Since we're talking about the limits of our charter, here's another issue related to memory accesses and threads, and particularly to section 6 of Jeremy's and Bill's proposal. There are a lot more details in my POPL 2003 paper. I've previously discussed some of this with Joshua and Bill. I don't believe that very many uses Java finalizer or java.lang.ref can be correct without some changes along these lines.
Consider the following use of finalizers in Java. I think this is actually in some sense the prototypical use. (You can use java.lang.ref instead. At this level it doesn't matter.)
We have some class C which keeps the actual state associated with C objects in some static array A. Each C object contains a field "index", which contains the index in A of the corresponding data. (There are several possible reasons for doing this, e.g. to ensure that temporary files logically associated with C objects can be found and cleaned up at process exit, or possibly to allow sharing between C instances.)
The C.finalize() method removes the corresponding data from the A array.
Now consider a method C.foo() which may be the last call on a C object. Assume that x of class C is accessed by a single thread. Typically x.foo() will do something like:
x_index = x.index;
Operate on A[x_index];
The problem is that x may be unreachable after the read of x.index. (Or potentially much earlier, if that memory read was for example moved outside an enclosing loop.) Thus the operation on A[x_index] may occur after x's finalizer has run, and the data associated with x has been removed from A.
Thus this code is clearly wrong. Since we all know that finalizers introduce concurrency, this perhaps shouldn't be surprising. foo() and the finalizer run in separate threads, so both should by synchronized. Thus foo() should be effectively:
lock x;
x_index = x.index;
Operate on A[x_index];
unlock x;
Now assume that the last calls to x.foo() are inlined in a loop:
for (...;...;...) {
lock x;
x_index = x.index;
Operate on A[x_index];
unlock x;
}
Assume further that I have a VM that stores the lock associated with x in a separate table (many JDK classic variants do, as does gcj/gij) and that the compiler notices that x.index is constant through the loop. I may get code that effectively does:
x_lock_index = ...x...
x_index = x.index;
for (...;...;...) {
lock' x_lock_index;
Operate on A[x_index];
unlock' x_lock_index;
}
Now x is unreachable in the loop, and I have the same problem. (12.6.1: "Optimizing transformations of a program can be designed that reduce the number of objects that are reachable to be less than those which would naively be considered reachable.")
I would like to see us conclude one of the following:
1) The above is already clearly outlawed by some part of the current JLS or proposed memory model that I just happened to overlook, or
2) We should add a constraint that any object is reachable (for finalization/GC purposes) when its lock is released. Since prior memory references are ordered before the lock release, that should ensure that visible operations on A[x_index] are complete before the finalizer runs.

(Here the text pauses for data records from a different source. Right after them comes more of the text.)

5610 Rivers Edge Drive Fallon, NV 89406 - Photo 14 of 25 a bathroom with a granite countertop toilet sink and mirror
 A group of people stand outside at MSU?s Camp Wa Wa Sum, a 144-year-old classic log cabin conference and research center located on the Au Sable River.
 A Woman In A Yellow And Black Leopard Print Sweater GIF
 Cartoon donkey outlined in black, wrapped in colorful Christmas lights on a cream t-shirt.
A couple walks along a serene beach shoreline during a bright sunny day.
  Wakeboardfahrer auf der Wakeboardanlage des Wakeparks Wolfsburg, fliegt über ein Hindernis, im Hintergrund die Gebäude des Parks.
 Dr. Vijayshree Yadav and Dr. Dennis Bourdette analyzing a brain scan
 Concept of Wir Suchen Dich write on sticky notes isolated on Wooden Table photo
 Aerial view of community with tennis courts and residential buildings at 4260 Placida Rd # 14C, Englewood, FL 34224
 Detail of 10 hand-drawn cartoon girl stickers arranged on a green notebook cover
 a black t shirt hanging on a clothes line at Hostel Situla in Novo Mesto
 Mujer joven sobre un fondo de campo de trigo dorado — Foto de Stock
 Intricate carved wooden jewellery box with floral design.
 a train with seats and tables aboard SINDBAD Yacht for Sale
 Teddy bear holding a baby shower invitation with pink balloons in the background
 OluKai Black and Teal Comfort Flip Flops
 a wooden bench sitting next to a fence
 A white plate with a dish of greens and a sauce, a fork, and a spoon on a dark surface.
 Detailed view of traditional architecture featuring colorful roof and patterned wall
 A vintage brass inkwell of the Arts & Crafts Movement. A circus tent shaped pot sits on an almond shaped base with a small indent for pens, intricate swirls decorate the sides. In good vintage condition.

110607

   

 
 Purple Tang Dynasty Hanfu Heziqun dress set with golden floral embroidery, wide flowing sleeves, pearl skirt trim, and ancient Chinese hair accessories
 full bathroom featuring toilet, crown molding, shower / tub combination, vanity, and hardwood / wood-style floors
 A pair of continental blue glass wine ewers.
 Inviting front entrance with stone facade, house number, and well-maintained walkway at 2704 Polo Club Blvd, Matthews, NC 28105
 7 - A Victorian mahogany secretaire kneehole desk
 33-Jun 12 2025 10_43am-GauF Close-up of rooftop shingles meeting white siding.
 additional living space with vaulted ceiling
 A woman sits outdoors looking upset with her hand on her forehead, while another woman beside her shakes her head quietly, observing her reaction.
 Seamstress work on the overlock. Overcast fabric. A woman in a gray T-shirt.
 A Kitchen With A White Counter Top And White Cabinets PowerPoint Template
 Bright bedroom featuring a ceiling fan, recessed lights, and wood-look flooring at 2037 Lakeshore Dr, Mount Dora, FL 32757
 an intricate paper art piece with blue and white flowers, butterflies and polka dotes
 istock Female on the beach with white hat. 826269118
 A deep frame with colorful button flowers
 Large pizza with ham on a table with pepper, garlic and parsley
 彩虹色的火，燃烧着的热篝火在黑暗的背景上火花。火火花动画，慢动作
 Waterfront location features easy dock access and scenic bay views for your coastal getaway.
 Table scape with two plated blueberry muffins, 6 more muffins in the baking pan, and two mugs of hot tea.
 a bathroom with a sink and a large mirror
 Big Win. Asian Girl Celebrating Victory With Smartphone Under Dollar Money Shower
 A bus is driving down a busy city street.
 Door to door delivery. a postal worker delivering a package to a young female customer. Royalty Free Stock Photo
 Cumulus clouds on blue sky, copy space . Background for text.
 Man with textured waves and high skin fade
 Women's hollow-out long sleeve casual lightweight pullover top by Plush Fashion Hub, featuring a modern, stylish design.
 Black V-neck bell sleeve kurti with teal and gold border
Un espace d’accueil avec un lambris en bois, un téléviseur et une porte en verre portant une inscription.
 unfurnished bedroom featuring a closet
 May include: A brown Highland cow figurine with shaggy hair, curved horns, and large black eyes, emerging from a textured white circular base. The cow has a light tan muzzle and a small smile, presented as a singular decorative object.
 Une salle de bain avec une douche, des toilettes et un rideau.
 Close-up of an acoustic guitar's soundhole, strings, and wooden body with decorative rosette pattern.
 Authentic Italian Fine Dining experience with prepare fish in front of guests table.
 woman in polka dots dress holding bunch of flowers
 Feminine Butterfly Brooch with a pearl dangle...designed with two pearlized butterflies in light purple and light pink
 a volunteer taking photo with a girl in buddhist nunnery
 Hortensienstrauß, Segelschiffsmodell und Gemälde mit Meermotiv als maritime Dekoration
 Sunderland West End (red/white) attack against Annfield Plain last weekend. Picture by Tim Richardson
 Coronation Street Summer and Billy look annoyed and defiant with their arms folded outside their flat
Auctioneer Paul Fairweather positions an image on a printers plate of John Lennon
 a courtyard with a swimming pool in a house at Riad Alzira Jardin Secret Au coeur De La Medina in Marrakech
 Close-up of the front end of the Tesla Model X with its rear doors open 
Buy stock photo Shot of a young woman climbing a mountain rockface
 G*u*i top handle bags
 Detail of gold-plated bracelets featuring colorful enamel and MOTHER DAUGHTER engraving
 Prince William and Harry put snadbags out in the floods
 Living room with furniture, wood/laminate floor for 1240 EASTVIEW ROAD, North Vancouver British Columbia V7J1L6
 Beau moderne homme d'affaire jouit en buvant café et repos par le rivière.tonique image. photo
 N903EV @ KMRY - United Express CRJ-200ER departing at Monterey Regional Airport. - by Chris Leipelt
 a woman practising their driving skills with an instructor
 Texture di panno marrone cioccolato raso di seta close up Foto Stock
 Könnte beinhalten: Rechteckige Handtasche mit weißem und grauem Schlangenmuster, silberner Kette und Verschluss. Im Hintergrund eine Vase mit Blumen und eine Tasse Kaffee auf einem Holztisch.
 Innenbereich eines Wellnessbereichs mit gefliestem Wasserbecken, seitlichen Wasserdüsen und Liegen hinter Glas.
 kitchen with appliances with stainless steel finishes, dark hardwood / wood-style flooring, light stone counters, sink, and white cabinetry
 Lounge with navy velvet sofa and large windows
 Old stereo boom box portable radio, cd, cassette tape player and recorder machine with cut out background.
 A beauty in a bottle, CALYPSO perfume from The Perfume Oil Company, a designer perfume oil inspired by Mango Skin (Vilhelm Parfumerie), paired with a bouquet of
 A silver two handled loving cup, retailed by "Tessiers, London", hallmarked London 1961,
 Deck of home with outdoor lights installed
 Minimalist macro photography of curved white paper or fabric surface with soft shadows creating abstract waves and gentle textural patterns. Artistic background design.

(Based on an earlier conversation with Guy and Joshua, I think there is some agreement that the above optimization shouldn't happen. I'm unsure whether there are any implementations for which it might. I think for gcj/gij it can't currently, but the reasons are an accident that could conceivably get "fixed" in the future.)
If we do (2), I would also like to see a second constraint:
- If Object x refers to object y via a final or volatile field and x is reachable, then y must be reachable.
This is necessary to make the "Finalizer Guardian idiom" (p. 23 in Joshua's "Effective Java") correct. It is also needed if you want to explicitly impose a finalizer ordering by having one finalizer clear a reference to another.